Key Vocabulary: AI Fundamentals
GPU (Graphics Processing Unit): Specialized processor for parallel computation - essential for training neural networks. NVIDIA A100/H100 chips cost $10K-$40K and are the workhorses of modern AI.
TPU (Tensor Processing Unit): Google's custom AI chips optimized for tensor operations - 15-30x faster than GPUs for certain tasks, only available via Google Cloud.
Neural Network: Mathematical system of interconnected layers that transforms inputs to outputs through weighted connections - the foundation of modern AI.
Backpropagation: Algorithm that calculates how much each weight contributed to error, working backward through the network to adjust parameters during training.
Vector Embedding: Converting words, images, or other data into lists of numbers (vectors) that AI models can process - similar concepts have similar vectors.

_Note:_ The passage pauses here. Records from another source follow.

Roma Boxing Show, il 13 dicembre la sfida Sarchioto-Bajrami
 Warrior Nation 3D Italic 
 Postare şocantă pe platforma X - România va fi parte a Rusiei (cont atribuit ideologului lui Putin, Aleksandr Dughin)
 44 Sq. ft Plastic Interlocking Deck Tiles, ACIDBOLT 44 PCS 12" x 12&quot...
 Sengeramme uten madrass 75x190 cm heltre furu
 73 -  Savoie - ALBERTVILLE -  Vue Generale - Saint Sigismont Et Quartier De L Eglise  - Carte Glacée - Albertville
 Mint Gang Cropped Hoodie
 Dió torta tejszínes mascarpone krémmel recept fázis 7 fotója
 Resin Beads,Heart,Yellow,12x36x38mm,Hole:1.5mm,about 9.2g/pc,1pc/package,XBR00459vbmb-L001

Transformer: Neural network architecture using attention mechanisms - foundation of ChatGPT, Claude, Gemini, and all modern LLMs. Introduced in 2017.
Token: Basic unit of text processed by LLMs - roughly a word or word fragment. API pricing is per token (~1.3 tokens per English word).
Hallucination: When LLMs confidently state false information as fact - a fundamental problem that can't be eliminated, only reduced.
Model Drift: Changes in LLM behavior over time as providers update models - prompts that worked yesterday may fail today.
Context Window: Maximum amount of text an LLM can process at once (Claude: 200K tokens, GPT-4: 128K tokens). Older content gets truncated when full.
Prompt Engineering: Crafting effective inputs to AI systems - techniques like few-shot learning, chain-of-thought, and role assignment dramatically improve outputs.
Fine-Tuning: Continuing to train a pre-trained model on your specific data to specialize it for your use case.
RAG (Retrieval-Augmented Generation): Giving LLMs access to external knowledge bases - search documents, include relevant info in prompt, generate answer based on your data.
RLHF (Reinforcement Learning from Human Feedback): Training technique where humans rate AI outputs and the model learns to produce higher-rated responses - how ChatGPT became helpful.